Solved – Should I choose Random Forest regressor or classifier

pythonrandom forest

I fit a dataset with a binary target class by the random forest. In python, I can do it either by randomforestclassifier or randomforestregressor.

I can get the classification directly from randomforestclassifier or I could run randomforestregressor first and get back a set of estimated scores (continuous value). Then I can find a cutoff value to derive the predicted classes out of the set of scores. Both methods can achieve the same goal (i.e. predict the classes for the test data).

Also I can observe that

randomforestclassifier.predict_proba(X_test)[:,1]) 

is different from

randomforestregressor.predict(X_test)

So I just wanna confirm that both methods are valid and then which one is better in random forest application?

Best Answer

Use the Classifier. No, they are not both valid.

First, I really encourage you to read yourself into the topic of Regression vs Classification.

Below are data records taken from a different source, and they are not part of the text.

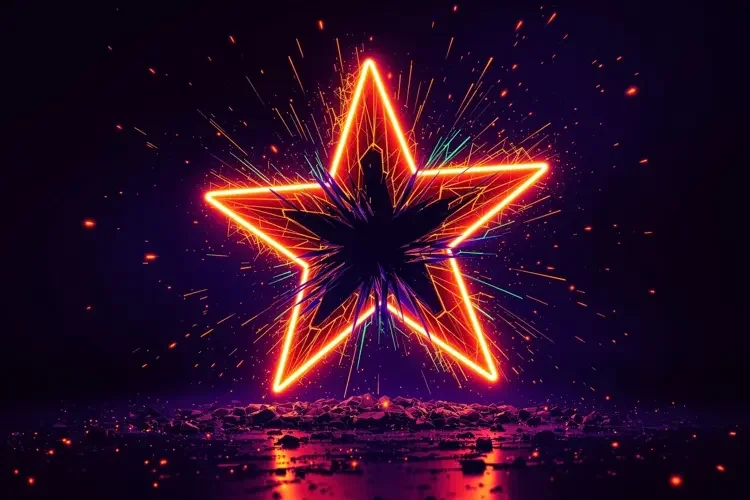 顶流塌房季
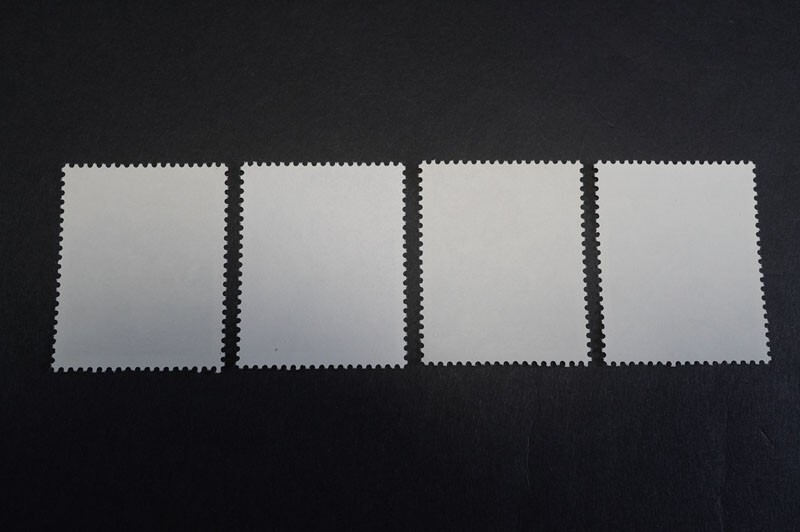 501)コレクター放出品!中国切手 1980年 T54 蓮の花 4種完 未使用 501)コレクター放出品!中国切手 1980年 T54 蓮の花 4種完 未使用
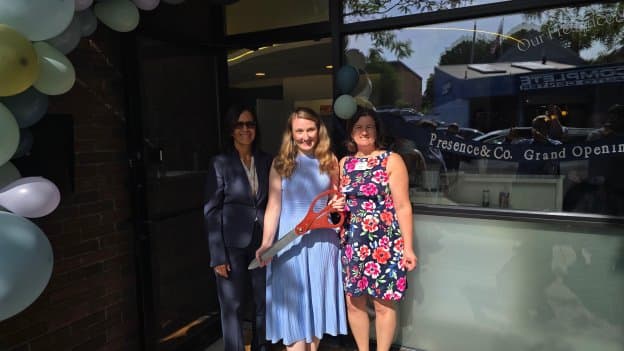 Presence&Co. Opens New Space in Reading, MA with BBW Network Support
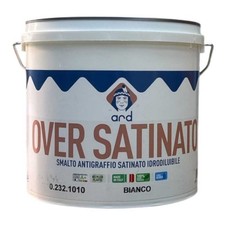 Over satinato 2500ml usato Over satinato 2500ml usato  Napoli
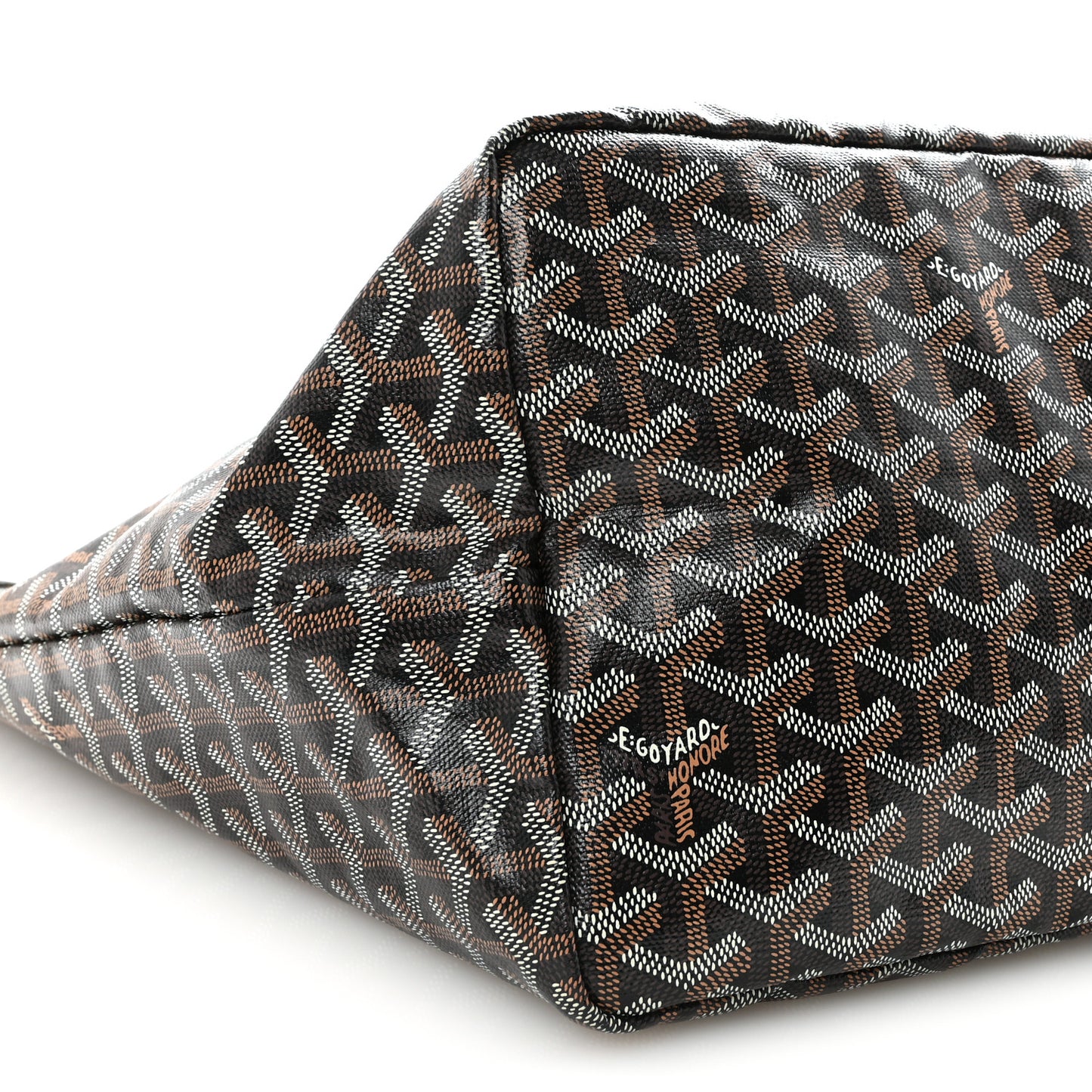 Goyardine Saint Louis GM Black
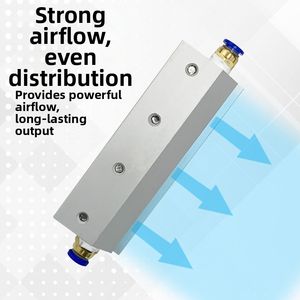 <span class=keywords><strong>Super</strong></span> Air Knife, rideau d'air en aluminium, accessoires d'outils pneumatiques, très efficace pour l'élimination de la poussière, le séchage de l'eau et le refroidissement, nouveauté <span class=keywords><strong>2022</strong></span> - Product Image 5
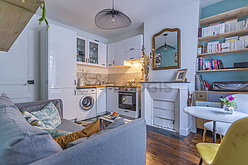 Appartement Paris 17° - Séjour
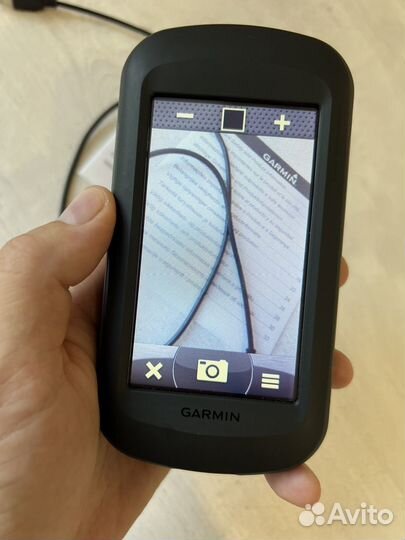 Навигатор Garmin Montana 650t (идеал)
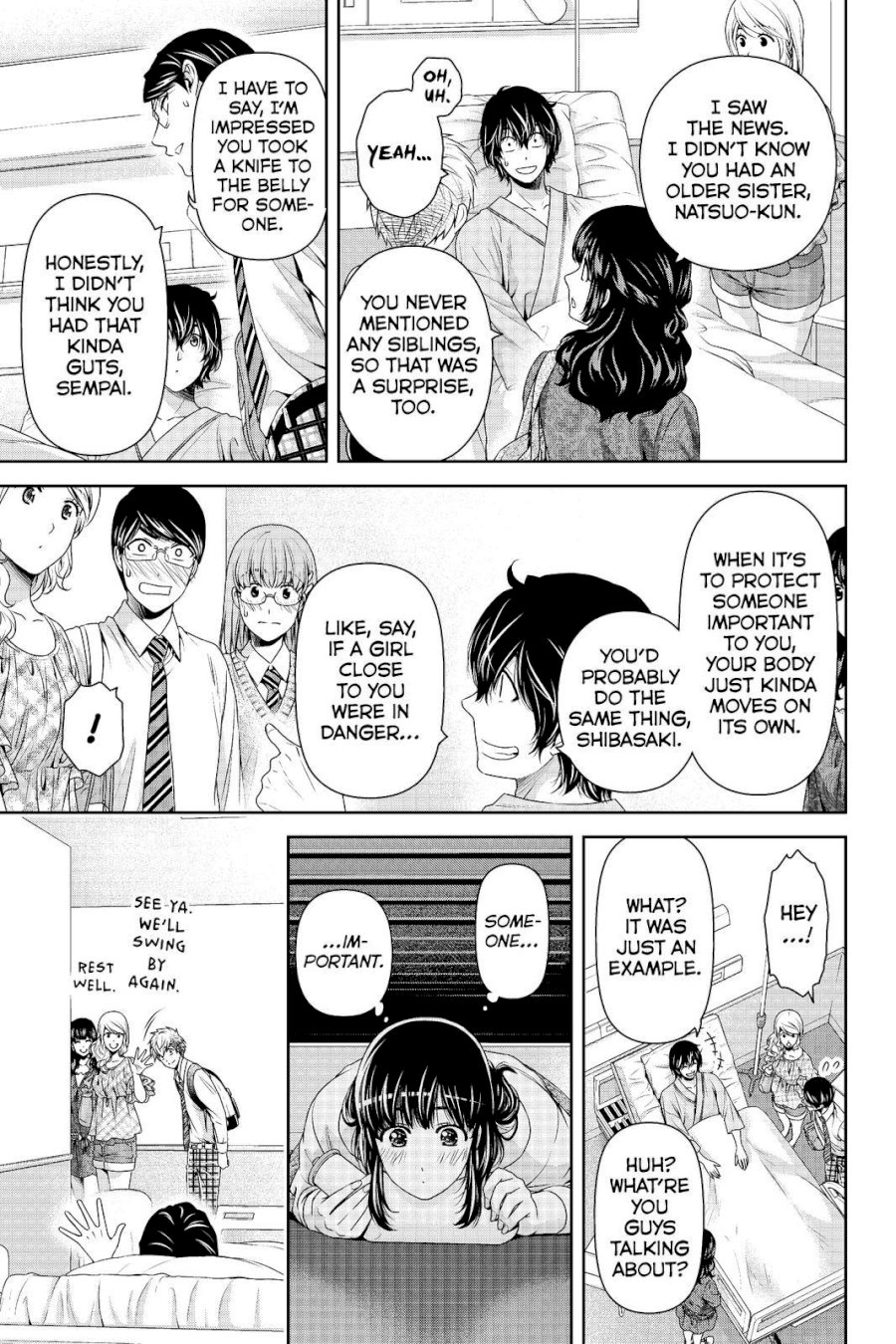 Domestic na Kanojo - Chapter 188 [photo 7] - MangaPorn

Because using ML without knowing anything about it will give you wrong results which you won't realize. And that's quite dangerous... (it's a little bit like asking which way around you should hold your gun or if it doesn't matter)

Whether you use a classifier or a regressor only depends on the kind of problem you are solving. You have a binary classification problem, so use the classifier.

I could run randomforestregressor first and get back a set of estimated probabilities.

NO. You don't get probabilities from regression. It just tries to "extrapolate" the values you give (in this case only 0 and 1). This means values above 1 or below 0 are perfectly valid as a regression output as it does not expect only two discrete values as output (that's called classification!) but continuous values.

If you want to have the "probabilities" (be aware that these don't have to be well calibrated probabilities) for a certain point to belong to a certain class, train a classifier (so it learns to classify the data) and then use .predict_proba(), which then predicts the probability.

Just to mention it here: .predict vs .predict_proba (for a classifier!)
.predict just takes the .predict_proba output and changes everything to 0 below a certain threshold (usually 0.5) respectively to 1 above that threshold.

Remark: sure, internally, they are the very same except from the "last layer" etc.! Still, see them (or better the problem they are solving) as completely different!